その背景には、景気の悪化による親の所得の減少やひとり親世帯の増加などが考えられます。
子どもの貧困によって、次のようなことが起こっています。
- 子どもに塾や習い事に通わせることができない
- 自分の部屋などで勉強に集中できる環境を作ることが難しい
- 経済的理由で進学を諦めざるを得ない
- 児童虐待
- 不登校や高校中退
これらの事象と同時に、子どもだけで食事をとる孤食や、場合によっては夕食がしっかりと摂れない、親が返ってくるまで子どもだけで過ごすといったことも起こっています。
こうした事情によって、教育格差、経済格差が広がっていきます。
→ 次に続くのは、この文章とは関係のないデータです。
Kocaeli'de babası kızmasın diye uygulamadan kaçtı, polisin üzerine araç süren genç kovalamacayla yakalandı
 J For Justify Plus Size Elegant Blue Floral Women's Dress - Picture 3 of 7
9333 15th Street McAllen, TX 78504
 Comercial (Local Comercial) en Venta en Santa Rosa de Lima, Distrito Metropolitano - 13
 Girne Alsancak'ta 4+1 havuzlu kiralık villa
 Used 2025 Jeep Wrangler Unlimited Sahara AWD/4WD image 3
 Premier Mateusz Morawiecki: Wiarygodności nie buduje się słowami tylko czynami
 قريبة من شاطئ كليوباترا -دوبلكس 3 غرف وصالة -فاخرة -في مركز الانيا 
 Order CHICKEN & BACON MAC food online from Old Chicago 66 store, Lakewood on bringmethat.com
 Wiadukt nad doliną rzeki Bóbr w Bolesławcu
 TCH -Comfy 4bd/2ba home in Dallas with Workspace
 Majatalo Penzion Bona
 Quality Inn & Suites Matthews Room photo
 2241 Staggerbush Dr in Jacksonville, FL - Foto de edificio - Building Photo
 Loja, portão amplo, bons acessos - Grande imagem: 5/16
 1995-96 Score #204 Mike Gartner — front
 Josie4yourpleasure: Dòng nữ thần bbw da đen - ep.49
「子どもの貧困」が増幅することになれば、社会的損失の影響も非常に大きくなってきます。
この「貧困の連鎖」を断ち切るべく、子どもたちへの学習指導や進路指導、子どもたちに栄養のある食事の提供、子どもたちが安心して過ごすことができる場所の提供といった子どもたちの支援を主とした「寺子屋子ども食堂」は必要と感じています。
社会的な取り組み
「子どもの貧困対策の推進に関する法律」(平成26年1月17日施行)
「子供の貧困対策に関する大綱」(平成26年8月29日閣議決定)
貧困問題については、一部の専門家や専門職のなかでは議論されていましたが、この数年で「貧困」に関する報道が増え、世の中の注目を浴びるようになってきました。
「子どもの貧困対策の推進に関する法律」では、「子どもの将来がその生まれ育った環境に左右されることのないよう、貧困の状況にある子どもが健やかに育成される環境を整備する」と明記されています。
「子供の貧困対策に関する大綱」では、「貧困の世代間連鎖の解消と積極的な人材育成を目指す」という基本方針のもと、約40項目の重点政策、25の指標が掲げられております。
どちらも、親から子への「貧困の連鎖」を断ち切る狙いがあります。
民間では、子どもたちに対して「学習支援」が行われていましたが、最近では「子ども食堂」というスタイルが全国各地に広まっています。
はじまりは、平成24年「きまぐれ八百屋だんだん」の一角に設置されたことで、「子ども食堂」の名が用いられたのもこの時からといわれています。
平成27年には、「子ども食堂」同士で横の繋がりを作り、食材や情報を連携することを目的として、「子ども食堂ネットワーク」が発足するにいたっています。
平成30年4月時点で、全国2286カ所に「子ども食堂」が増加し、発展しています。